大切な人との関係を上手く守りたいからこそ、修正作業としての喧嘩は必要です。
それは絶対に喧嘩をしなければならないという事ではなく、もちろん喧嘩はなければないに越した事はありません。
しかし、それぞれ違う人間である以上、どうしても噛み合わない場面はでてくるものです。
家庭であっても基本は他人ですから、価値観も違えば性格も違います。
当然、相手に不満を覚える事もあるでしょうし、意見が対立する事もあると思います。
そんな他人同士が良好な関係を長く続けるためには、それらの違いや対立を認めたり解消したりする必要があります。
そして、私達は超能力者ではないのですから、言葉に出して伝えなければ相手には伝わりません。
そして伝わらなければ、相手の行動が変わる事もありませんから、永遠に不満を感じ続ける事になります。
あるいは、自分が耐えるために相手への感情を押し殺してしまえば、あきらめと無関心の関係にもなりかねません。
年配の人にありがちな「そのくらい汲めよ」「言わなくても分かるだろう」という不満は、相手がエスパーだと勘違いしている「脳内ファンタジー人間」か、自分の思い通りにやれという傲慢な人間のどちらかです。
相手の気持ちを読もうとする努力が不要という意味ではなく、相手に伝えようとする努力が重要だという事です。
それに喧嘩といっても、自分の不満や要求を強引に相手に押し付けたり、感情的になって相手をののしったりする事ではありません。

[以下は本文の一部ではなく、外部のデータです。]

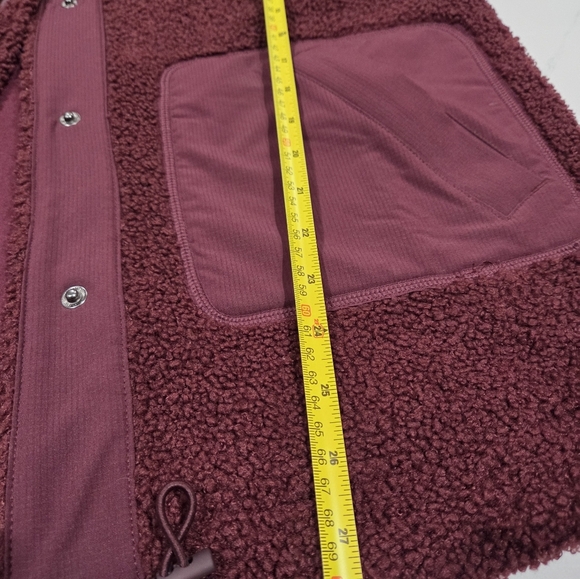 Women's Burgundy Sherpa Vest - Picture 10 of 11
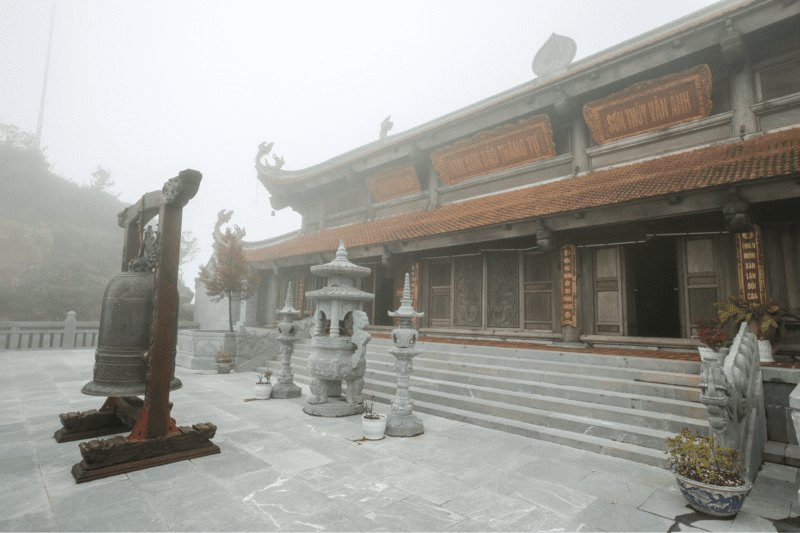 Điện thờ chính chùa Kim Sơn Bảo Thắng với chiếc chuông đồng lớn đặt phía trước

お互いがより良い関係を築くために、自分の不満や要望を伝え、双方の違いにどう折り合いをつけるか、どう修正できるかを相談する事です。
逆に、赤の他人との喧嘩は、そもそも分かり合おうという前提がありません。
良い関係を続けたいという相手でもないですから、「ふざけるな」「なんだと、このやろう」という罵声しか出てこないと思います。
これはコミュニケーションではなく、単なる争いです。
そうではなく、例えばお互いが感じた不満を共有し、譲るべきところは譲り、変えるべきところ、変えてもらいたいところを確認していく。
わだかまりを吐き出し、相手の感情を理解し、考え方を尊重する・・・。
それが相手の負担になる事であれば、「ここまでならできる、それ以上は無理」という落としどころを探り、お互いが納得できるところまで歩み寄る。
つまり大人の喧嘩とは、大事な相手との良い関係を長く続けていくための問題解決方法であり、必要な修正手段と言えるのです。